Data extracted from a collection
******************************

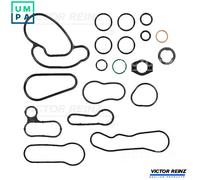 2x ✅Fits REINZ 08-11298-01 Gasket Kit, crankcase 08-11298-01 Complet ⭐UK Seller⭐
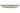 H3778O_2 (2024-06-17 13:54:52)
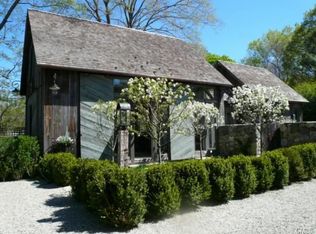 190 Rowayton Ave, Norwalk, CT 06853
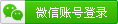 &#20843;&#25106;&#20307;&#32946;&#40;&#20013;&#22269;&#41;&#23448;&#26041;&#32593;&#31449;&#45;&#30331;&#24405;&#20837;&#21475;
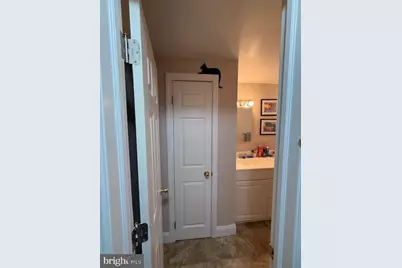 5501 River Road, Pennsauken, NJ 08110 - Photo 38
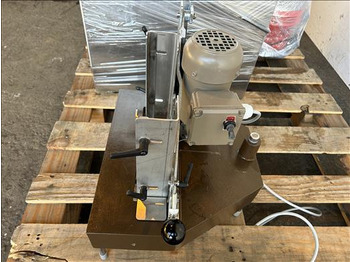 آلة الغذاء Dedy Chocolate shavings machine: صور 2 آلة الغذاء Dedy Chocolate shavings machine: صور 2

******************************

■ Exercise prompt
What is needed is every line of the data above, set down exactly but with the images left out.

■ Solved problem
 2x ✅Fits REINZ 08-11298-01 Gasket Kit, crankcase 08-11298-01 Complet ⭐UK Seller⭐
 H3778O_2 (2024-06-17 13:54:52)
 190 Rowayton Ave, Norwalk, CT 06853
 &#20843;&#25106;&#20307;&#32946;&#40;&#20013;&#22269;&#41;&#23448;&#26041;&#32593;&#31449;&#45;&#30331;&#24405;&#20837;&#21475;
 5501 River Road, Pennsauken, NJ 08110 - Photo 38
 آلة الغذاء Dedy Chocolate shavings machine: صور 2 آلة الغذاء Dedy Chocolate shavings machine: صور 2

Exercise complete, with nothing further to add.